**Task:** From the line with "Ара-Губа, восьмидесятые годы XX века" to the line with "doc and serval love", retype each line exactly as it stands in the records below, but skip the pictures.

**Dataset content:**
:::::

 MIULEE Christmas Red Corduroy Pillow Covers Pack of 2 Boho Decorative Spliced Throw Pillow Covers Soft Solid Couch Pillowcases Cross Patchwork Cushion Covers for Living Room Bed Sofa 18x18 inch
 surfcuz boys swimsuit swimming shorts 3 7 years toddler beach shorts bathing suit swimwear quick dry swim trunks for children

:::::

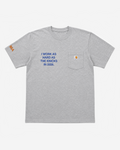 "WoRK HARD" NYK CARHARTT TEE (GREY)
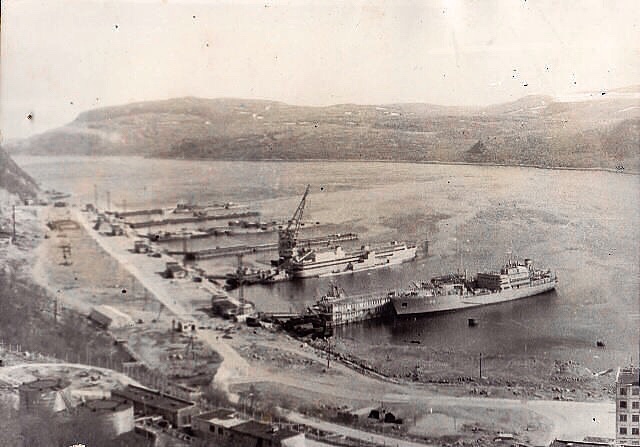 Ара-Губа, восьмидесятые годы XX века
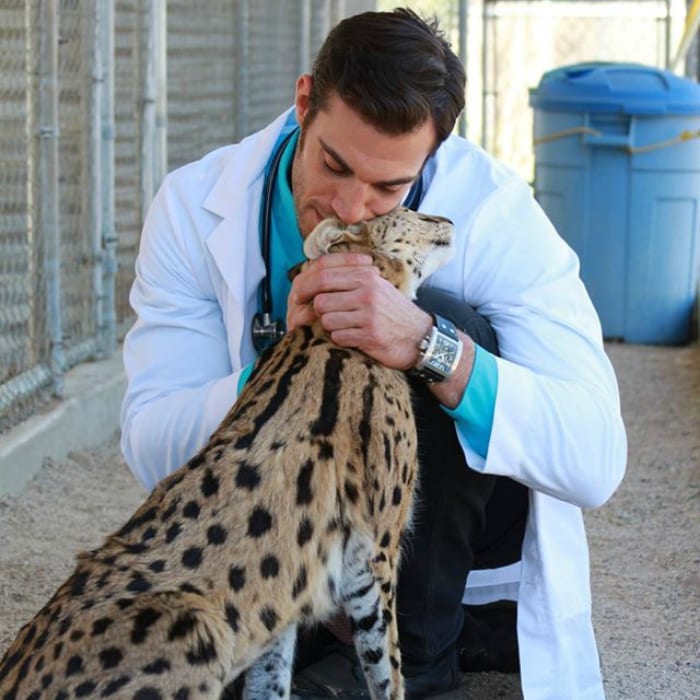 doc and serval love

:::::

**Exercise result:**
 Ара-Губа, восьмидесятые годы XX века
 doc and serval love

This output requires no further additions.